Installation of Dataplane on Azure

This document explains how to create Data Plane on Microsoft Azure. ADOC uses Azure's container service to install Data Plane. Azure's container service deploys ADOC's scripts on the Kubernetes clusters. Once the Azure container deploys scripts on the Kubernetes clusters, it terminates. If you need to upgrade the Data Plane or perform any modifications, the container becomes active again and you can execute your tasks.

Installation Procedure

You must first perform the basic setup steps in ADOC by providing the details. Once you complete the setup process in ADOC, you are redirected to Azure and also a file called Azure-values.yaml is downloaded in your system. When you navigate to Azure, you must first upload the Azure-values.yaml file in an Azure container which must exist in an Azure Storage account. Once you upload the Azure-values.yaml file to a container, you must enter the various details on the deployment page for ADOC to perform the Data Plane deployment. Once you provide the details and submit the page, ADOC performs the deployment on Azure.

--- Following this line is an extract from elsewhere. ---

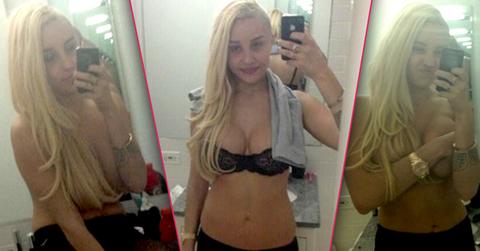 //amanda bynes lesbian maybe wide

The deployment is divided into three stages

  1. ADOC Setup - This stage describes the setup details to be performed in ADOC.
  2. Upload YAML File to Azure Container- This stage describes the process of uploading the values.yaml file to Azure container.
  3. Data Plane Deployment- This stage describes the process of deploying the Data Plane on Azure.
  1. You must have access to the Azure container and storage account in which you want to store the YAML file.
  2. You must have the Contributor and User Access Administrator roles in the Azure Resource group in which you want to install the Data Plane. To learn more about Azure roles, see this Microsoft document.

Before you start installing Acceldata data plane on Azure, you could take a quick look at the video explaining the procedure:

ADOC Setup

The installation process starts in ADOC. Once you complete the steps in ADOC, you are automatically redirected to Azure.

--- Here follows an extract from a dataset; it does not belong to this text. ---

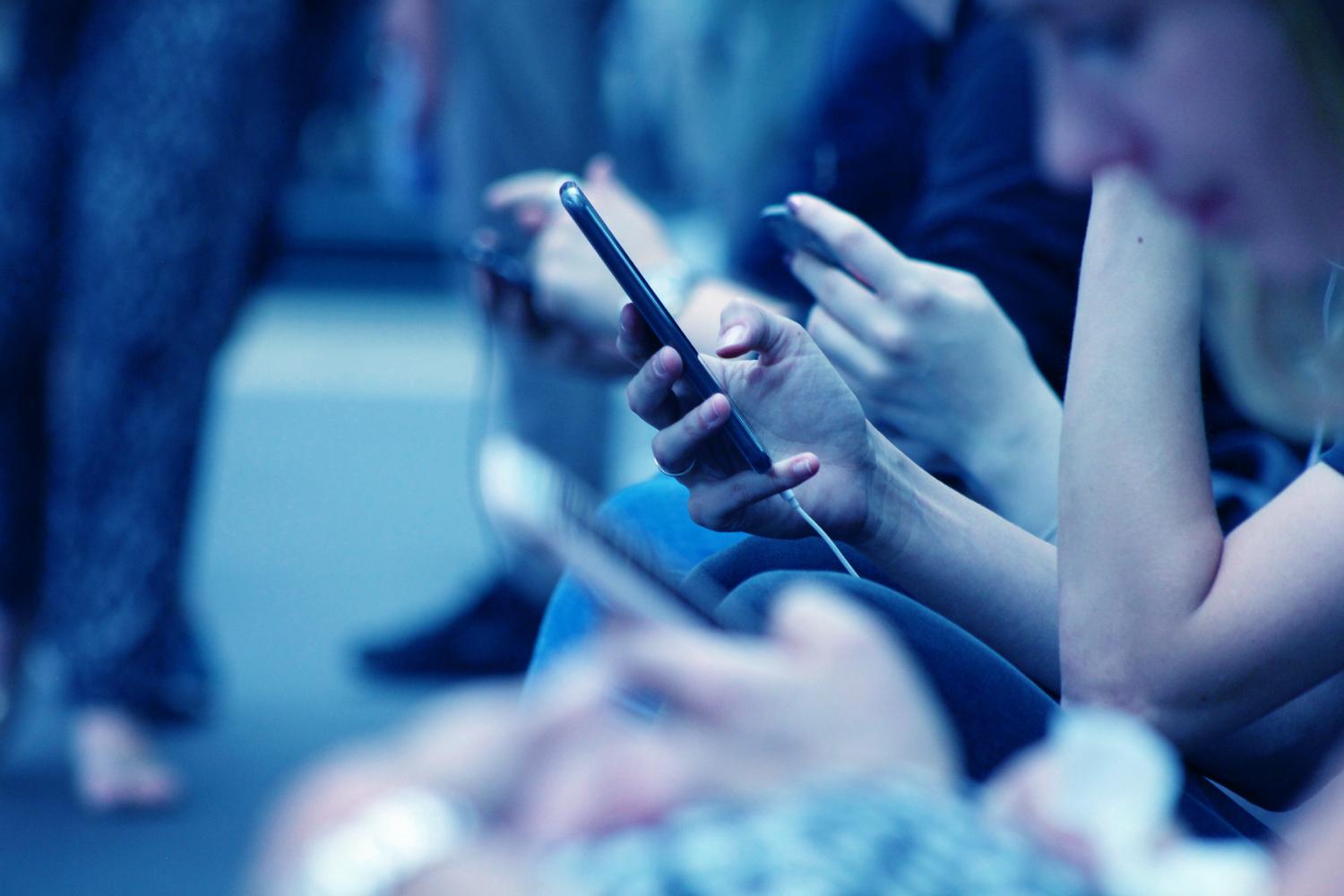 Cesta: Adventná poviedka, ktorú tvoria sami čitatelia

  1. Click Register from the left pane.
  2. Click Data Plane.
  3. Click Setup Data Plane.
  1. Enter a name for your Data Plane in the Data Plane Name field.
  2. (Optional) Enter a description for the Data Plane in the Description field.
  3. Select Azure as the cloud provider Cloud Provider for data plane installation field.
  4. Select the storage location type (ADLS_Gen1 or ADLS_ Gen2) in the Data Reliability save location field.
  5. Select the Processor Type.
KUBERNETES
DATABRICKS

Note Do not alter any other values in this section.

8.1. Enter the Number of executors to use for the Spark jobs. The default value is 2.

8.2. Enter the Number of CPU cores to use for the Spark jobs per executor.The default value is 2.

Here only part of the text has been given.